Der Name Romano Svato heißt frei übersetzt aus der Sprache Romanes so viel wie "die Stimme erheben". Diesem Namen sind die Schwestern mit ihrer Arbeit auch gerecht geworden - denn die beiden sind (mit-)verantwortlich für einige der spannendsten Produktionen des vergangenen Jahrzehnts. In ihren Theaterstücken vermischen sie mehrsprachige Performance mit Rap, Bühnenkunst und Interventionen im öffentlichen Raum: "Sichtbarkeit ist für uns der Schlüssel für Diskurs - also eine tatsächlichen Auseinandersetzung mit Themen, die uns alle, die gesamte Gesellschaft, betreffen."

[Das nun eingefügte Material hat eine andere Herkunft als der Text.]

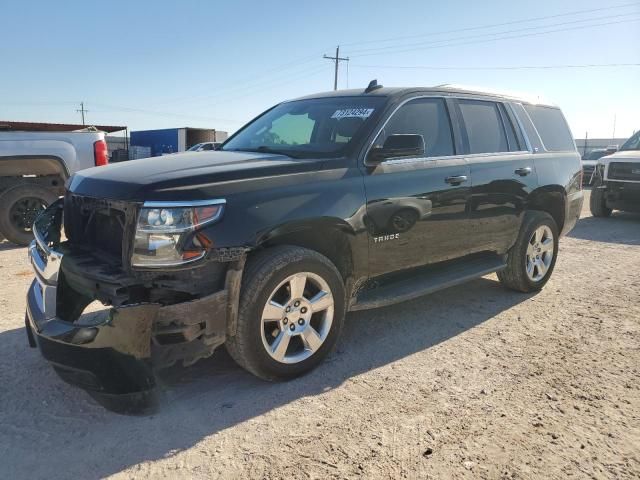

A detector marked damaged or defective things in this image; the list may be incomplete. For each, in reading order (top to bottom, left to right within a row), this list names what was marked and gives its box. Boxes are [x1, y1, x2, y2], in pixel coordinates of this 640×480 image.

Bereits 2013 machten sie mit "Gipsy Stop Dancing" auf sich aufmerksam. Das Stück erzählt die Geschichte des deutschen Boxmeisters von 1933, Johann "Rukeli" Trollmann, neu. Anstatt eines Mannes kämpft diesmal eine Frau um den Titel. Statt im nationalsozialistischen Deutschland spielt die Geschichte in einem fiktiven ungarischen Staat, regiert von einem totalitären Herrscher. So wie Rukeli verweigert auch Sandra als Boxerin, einer Erpressung nachzugeben und ihren Sieg herzuschenken.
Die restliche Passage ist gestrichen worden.